Magnetocrystalline anisotropy and orbital polarization in ferromagnetic transition metals

TL;DR

This paper calculates magnetocrystalline anisotropy energies of ferromagnetic transition metals using ab initio methods, revealing how orbital polarization and electron correlations influence magnetic properties.

Contribution

It introduces an ab initio tight-binding approach to compute MAEs and orbital polarizations, incorporating Hubbard U and Racah B to improve agreement with experiments.

Findings

Calculated MAEs for Fe, Co, Ni match experimental values with optimized parameters.

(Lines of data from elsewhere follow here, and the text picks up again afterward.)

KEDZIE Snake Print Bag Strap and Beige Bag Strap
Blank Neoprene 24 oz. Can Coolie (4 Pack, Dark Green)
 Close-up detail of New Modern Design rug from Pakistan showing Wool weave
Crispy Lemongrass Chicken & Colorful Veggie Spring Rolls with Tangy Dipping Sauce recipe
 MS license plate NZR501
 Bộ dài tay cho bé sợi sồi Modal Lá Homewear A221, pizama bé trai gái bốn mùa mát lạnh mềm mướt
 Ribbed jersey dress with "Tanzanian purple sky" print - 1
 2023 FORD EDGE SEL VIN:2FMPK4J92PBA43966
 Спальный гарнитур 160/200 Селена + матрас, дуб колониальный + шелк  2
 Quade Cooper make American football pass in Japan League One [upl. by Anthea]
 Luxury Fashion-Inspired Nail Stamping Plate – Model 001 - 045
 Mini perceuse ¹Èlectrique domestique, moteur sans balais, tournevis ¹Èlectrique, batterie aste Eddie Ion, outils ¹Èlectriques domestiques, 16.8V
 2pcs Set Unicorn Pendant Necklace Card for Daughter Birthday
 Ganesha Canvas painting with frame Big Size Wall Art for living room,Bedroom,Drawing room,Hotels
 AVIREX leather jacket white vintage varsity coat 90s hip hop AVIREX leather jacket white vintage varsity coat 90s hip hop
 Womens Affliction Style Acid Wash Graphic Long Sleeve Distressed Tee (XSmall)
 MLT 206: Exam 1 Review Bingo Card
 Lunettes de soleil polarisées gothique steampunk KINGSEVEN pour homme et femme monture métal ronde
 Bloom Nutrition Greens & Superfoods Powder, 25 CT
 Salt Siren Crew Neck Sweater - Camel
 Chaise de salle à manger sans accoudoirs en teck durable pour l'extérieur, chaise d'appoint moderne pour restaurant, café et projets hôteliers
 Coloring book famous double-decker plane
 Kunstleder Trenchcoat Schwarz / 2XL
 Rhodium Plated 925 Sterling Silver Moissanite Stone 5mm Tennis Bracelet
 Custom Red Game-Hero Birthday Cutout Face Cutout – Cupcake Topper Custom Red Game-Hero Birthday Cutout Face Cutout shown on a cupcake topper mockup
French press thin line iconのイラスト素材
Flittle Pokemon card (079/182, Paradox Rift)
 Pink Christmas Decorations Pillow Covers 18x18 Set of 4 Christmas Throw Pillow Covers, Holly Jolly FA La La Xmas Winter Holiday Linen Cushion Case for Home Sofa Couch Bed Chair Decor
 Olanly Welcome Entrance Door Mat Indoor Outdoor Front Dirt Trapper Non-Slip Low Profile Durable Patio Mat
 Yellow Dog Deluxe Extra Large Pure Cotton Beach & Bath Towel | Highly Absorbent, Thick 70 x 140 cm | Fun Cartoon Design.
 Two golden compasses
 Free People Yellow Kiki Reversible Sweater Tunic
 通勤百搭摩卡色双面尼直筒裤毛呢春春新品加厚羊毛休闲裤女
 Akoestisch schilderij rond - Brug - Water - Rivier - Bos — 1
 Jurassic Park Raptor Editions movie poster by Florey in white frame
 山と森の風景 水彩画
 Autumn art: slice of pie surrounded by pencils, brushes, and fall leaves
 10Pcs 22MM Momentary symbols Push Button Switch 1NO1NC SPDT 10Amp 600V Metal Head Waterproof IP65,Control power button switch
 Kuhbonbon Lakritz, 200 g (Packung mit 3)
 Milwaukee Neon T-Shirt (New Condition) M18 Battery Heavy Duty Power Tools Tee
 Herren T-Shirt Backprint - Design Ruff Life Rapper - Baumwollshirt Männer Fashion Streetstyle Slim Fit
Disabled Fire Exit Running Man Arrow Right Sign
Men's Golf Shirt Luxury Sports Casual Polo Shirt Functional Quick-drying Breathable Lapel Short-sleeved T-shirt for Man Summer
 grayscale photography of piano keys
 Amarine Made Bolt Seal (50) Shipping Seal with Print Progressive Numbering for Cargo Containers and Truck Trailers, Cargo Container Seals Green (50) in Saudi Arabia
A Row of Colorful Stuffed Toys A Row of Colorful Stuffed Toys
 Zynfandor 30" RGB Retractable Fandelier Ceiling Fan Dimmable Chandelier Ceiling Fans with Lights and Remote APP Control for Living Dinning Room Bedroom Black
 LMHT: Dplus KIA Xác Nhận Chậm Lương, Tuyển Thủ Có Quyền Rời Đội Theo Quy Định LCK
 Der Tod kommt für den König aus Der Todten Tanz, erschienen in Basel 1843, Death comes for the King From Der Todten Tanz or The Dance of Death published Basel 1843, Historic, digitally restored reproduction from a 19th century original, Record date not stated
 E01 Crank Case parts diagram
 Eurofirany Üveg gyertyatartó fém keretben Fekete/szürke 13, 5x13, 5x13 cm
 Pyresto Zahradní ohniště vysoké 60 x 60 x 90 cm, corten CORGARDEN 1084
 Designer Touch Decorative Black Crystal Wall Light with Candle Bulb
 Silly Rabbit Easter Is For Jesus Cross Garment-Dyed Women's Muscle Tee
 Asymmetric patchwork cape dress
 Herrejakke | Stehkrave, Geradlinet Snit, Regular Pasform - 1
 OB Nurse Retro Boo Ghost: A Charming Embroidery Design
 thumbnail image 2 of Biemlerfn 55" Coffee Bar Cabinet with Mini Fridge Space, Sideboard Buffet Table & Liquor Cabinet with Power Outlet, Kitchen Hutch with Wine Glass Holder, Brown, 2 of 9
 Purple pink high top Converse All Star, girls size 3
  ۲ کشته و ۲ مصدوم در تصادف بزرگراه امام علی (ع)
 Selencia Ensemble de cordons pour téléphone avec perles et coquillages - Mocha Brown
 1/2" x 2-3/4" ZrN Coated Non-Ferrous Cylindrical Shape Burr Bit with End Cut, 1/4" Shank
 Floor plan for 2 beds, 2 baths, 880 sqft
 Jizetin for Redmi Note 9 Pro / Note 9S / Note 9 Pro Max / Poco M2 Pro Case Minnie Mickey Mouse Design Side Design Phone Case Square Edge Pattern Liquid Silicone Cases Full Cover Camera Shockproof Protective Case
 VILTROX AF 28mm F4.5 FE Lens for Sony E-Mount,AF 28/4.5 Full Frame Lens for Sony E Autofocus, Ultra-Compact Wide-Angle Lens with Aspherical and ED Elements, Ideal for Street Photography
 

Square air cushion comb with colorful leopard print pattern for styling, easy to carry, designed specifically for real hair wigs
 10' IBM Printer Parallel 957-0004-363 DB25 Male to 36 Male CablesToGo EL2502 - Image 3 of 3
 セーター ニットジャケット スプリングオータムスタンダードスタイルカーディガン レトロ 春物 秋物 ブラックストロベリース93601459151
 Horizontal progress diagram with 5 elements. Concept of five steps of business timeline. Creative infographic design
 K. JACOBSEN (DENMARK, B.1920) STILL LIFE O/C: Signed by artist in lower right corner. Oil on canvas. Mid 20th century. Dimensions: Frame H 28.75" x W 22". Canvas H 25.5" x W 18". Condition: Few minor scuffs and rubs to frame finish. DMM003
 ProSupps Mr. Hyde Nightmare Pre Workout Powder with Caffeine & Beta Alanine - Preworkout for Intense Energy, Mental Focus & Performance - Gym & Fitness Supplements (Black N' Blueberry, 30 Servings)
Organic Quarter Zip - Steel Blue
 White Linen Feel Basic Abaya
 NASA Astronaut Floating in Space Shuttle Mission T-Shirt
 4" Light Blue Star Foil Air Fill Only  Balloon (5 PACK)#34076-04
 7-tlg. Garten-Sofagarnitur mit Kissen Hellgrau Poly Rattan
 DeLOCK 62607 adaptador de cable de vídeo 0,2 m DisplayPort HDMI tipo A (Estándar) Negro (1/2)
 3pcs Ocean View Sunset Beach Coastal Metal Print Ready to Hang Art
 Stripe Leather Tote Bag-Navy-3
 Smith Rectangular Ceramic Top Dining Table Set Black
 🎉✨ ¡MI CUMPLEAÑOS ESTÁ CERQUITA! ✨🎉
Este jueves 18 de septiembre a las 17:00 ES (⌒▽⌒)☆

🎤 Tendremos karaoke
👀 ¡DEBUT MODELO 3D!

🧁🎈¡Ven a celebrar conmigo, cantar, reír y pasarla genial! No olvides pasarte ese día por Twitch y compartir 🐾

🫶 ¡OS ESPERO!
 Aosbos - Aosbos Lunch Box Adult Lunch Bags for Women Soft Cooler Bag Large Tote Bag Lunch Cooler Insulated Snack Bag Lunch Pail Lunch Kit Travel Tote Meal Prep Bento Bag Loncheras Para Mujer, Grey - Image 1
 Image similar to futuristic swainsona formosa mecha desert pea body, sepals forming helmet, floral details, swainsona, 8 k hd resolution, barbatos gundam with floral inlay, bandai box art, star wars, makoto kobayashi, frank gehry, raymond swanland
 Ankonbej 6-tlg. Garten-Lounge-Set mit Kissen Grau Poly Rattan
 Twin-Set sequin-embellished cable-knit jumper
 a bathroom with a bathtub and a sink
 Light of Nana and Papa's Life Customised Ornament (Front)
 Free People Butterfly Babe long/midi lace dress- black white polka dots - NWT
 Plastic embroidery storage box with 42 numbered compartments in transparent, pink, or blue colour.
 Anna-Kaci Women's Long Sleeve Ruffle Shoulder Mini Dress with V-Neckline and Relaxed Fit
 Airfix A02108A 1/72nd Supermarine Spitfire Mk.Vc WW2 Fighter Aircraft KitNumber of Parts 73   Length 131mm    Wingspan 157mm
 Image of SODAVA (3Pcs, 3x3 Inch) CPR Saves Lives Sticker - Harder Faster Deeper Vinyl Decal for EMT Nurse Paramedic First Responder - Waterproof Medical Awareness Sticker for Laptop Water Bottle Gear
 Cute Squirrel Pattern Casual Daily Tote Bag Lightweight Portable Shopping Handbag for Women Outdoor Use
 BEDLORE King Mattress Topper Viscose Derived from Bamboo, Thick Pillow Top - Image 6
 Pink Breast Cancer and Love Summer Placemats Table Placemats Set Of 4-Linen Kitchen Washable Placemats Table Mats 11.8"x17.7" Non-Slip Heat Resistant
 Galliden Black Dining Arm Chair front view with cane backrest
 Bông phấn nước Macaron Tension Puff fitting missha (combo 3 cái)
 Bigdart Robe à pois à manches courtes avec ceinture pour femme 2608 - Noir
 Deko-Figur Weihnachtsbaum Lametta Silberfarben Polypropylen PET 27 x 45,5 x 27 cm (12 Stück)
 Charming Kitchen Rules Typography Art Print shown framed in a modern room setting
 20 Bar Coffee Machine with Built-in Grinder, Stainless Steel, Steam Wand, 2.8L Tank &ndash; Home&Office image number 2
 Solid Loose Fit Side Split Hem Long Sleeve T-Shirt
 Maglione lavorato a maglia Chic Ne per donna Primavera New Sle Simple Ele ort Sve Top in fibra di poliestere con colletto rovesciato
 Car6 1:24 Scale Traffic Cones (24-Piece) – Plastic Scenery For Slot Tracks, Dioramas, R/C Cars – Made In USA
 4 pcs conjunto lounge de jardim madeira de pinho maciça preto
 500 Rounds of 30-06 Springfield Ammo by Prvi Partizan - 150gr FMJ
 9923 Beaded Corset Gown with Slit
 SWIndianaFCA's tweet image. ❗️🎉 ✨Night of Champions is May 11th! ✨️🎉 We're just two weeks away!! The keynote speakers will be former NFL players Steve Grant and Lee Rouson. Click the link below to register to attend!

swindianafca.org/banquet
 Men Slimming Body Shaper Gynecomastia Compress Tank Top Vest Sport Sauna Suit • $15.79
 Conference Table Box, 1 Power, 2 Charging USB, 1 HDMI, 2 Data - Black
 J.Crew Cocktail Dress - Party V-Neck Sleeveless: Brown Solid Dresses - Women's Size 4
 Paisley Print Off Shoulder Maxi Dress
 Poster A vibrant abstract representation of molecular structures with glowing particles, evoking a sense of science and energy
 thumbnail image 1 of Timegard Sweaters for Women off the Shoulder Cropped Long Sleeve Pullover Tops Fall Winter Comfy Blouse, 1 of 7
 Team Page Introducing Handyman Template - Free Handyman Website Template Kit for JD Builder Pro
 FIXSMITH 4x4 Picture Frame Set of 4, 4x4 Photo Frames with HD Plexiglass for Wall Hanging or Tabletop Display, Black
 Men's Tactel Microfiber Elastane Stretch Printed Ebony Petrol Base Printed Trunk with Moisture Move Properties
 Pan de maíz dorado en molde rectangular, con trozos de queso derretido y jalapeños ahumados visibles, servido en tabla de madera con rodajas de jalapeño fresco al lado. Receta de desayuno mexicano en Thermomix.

Orbital moments and MAEs are accurately reproduced for Fe and Co.

The approach clarifies the role of electron correlations in magnetic anisotropy.

Abstract

The magnetocrystalline anisotropy energies (MAEs) of the ferromagnetic metals bcc Fe, fcc and hcp Co, and fcc Ni have been calculated by using the {\it ab initio} tight-binding method. Disentangling the strong correlation among the $d$ orbitals with the Hamiltonian in the local spin-density approximation, we have investigated the orbital polarizations induced by the Hubbard $U$ and Racah $B$. The experimental MAE of fcc Ni is found with the value of $U$ close to that determined from experiments and used in other theories. With the optimized values of $U$ and $J$, both the MAEs and the orbital moments for Fe and Co are in close agreement with experiment.